» **What you need to do**:
For the entries that follow, restate word for word the line containing "Wellensittich-Bild: Mr. Green", the line containing "Weder von den anderen noch von mir. :-))", and every line that lies between them.
Records supplied START
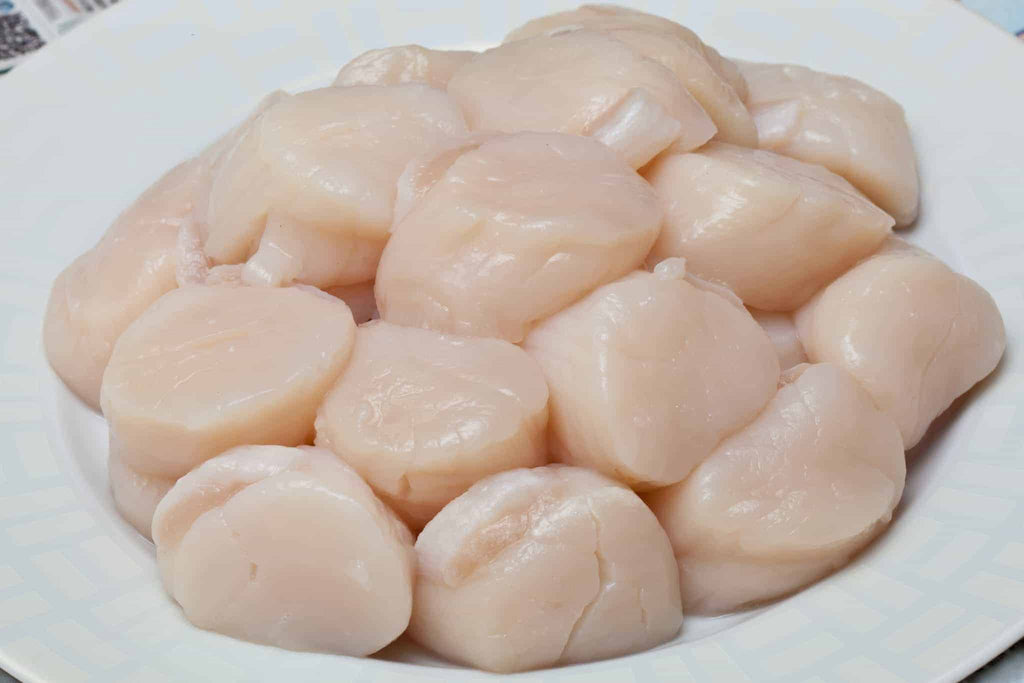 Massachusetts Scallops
Records supplied END
Records supplied START
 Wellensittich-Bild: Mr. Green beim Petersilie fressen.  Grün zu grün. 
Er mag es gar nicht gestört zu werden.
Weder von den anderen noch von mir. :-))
Records supplied END
» **Solution to this exercise**:
 Wellensittich-Bild: Mr. Green beim Petersilie fressen.  Grün zu grün. 
Er mag es gar nicht gestört zu werden.
Weder von den anderen noch von mir. :-))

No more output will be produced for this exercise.